Ich meinem Ton schwang mehr Verachtung mit, als ich wollte.
Der Mann schaute auf.
"Richard McMiller. Schön, Dich kennenzulernen, Allison."

Fragend schaute ich zu meiner Mutter und sie griff über den Tisch nach meiner Hand.
"Richard und ich führen eine Beziehung, Schatz."

Was?
Ich hatte mich doch verhört, oder?
Nein, das konnte sie nicht tun.
Nicht jetzt, nicht, wenn ich mich so auf die gefreut hatte.
Das konnte sie nicht bringen!

"Das ist ein schlechter Scherz", platzte es aus mir heraus.

"Allison!", mahnte mich meine Mutter entsetzt, doch die Wut kochte in mir, wie brodelnde Lava in einem Vulkan.

"Mom! Das kannst du nicht bringen! Nicht jetzt!"
Ich wurde lauter.

"Allison. Lass uns das doch ruhig und entspannt klären", schlug der Typ hinter meiner Mutter vor.

"Nein! Sie halten sich da raus, okay?! Das ist ne Sache zwischen meiner Mutter und mir!"

Meine Mutter riss entsetzt die Augen auf.
"Allison! Hör sofort auf, hier rumzuschreien und dazu auch noch so gemein zu sein!"

"Du bist gemein! Ich dachte, du kommst her, weil du dich für mich interessierst! Aber nein, du musst mir erst mal deinen neuen Freund präsentieren!"

Meine Mutter starrte mich völlig aufgelöst an, so hatte ich sie noch nie gesehen.

"Was erlaubst du dir?!", griff ihr dämlicher Freund ein.

"Klappe!", brüllte ich ihn an.

Ich hatte einen meiner Ausraster, das war klar.
Ich war so wütend auf meine Mutter, das konnte man nicht in Worte fassen.

"Allison Baker! Du hörst jetzt sofort auf und nimmst das zurück!"

"Was ist eigentlich mit Dad?", fragte ich sie laut und deutlich.

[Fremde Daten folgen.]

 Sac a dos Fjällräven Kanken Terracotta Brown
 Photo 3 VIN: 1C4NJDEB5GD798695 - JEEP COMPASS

Sie schaute mich an, ihre Gesichtszüge spannten sich an.
"Nichts ist mit Dad, Allison!"

Das reichte mir endgültig.
Ich stand auf und strich mir die Haare aus dem Gesicht. Wenn ich eins hasste, dann Streit, aber das musste ich ihr einfach sagen.
"So! Jetzt lass mir dir eins sagen: Du bist vielleicht meine Mutter und ja, ich freu mich, wenn du glücklich bist. Aber diese Aktion war echt deine schlimmste bis jetzt. Wirklich!
Wie konntest du mir die Freude nehmen, dich wiederzusehen!
Wie konntest du diesen Idioten mitbringen, nachdem wir uns ewig nicht gesehen hatten?!
Dad hätte das nie zugelassen. NIE! Hörst du mich?!
Er hätte das nie zugelassen!"
Meine Stimme wurde immer kratziger und ich merkte, wie die anderen Leute im Raum mich anstarrten.
Doch das spielte keine Rolle, denn die Worte, die meine Mutter als Antwort verwendete, rissen mich komplett aus der Bahn.

"Hättest du nicht im Auto gesessen, wäre er doch jetzt noch hier, Allison. Also verdammt nochmal, hör auf rum zu heulen!"

Kurz darauf schlug sie sich die Hand vor den Mund und man sah ihr an, dass sie diese Worte bereute.

Doch sie hatte sie ausgesprochen und sie konnte diese Worte nie wieder zurücknehmen.
Diese Worte brannten sich in mein Gedächtnis und sie würden nie verschwinden.
Denn meine Mutter brach mir damit mein kaputtes Herz.
Sie hatte mir zum ersten Mal offen gesagt, dass ich schuld war.
Ja, ich war schuld und ich wusste es. Doch das sie das aussprach, tat unfassbar weh.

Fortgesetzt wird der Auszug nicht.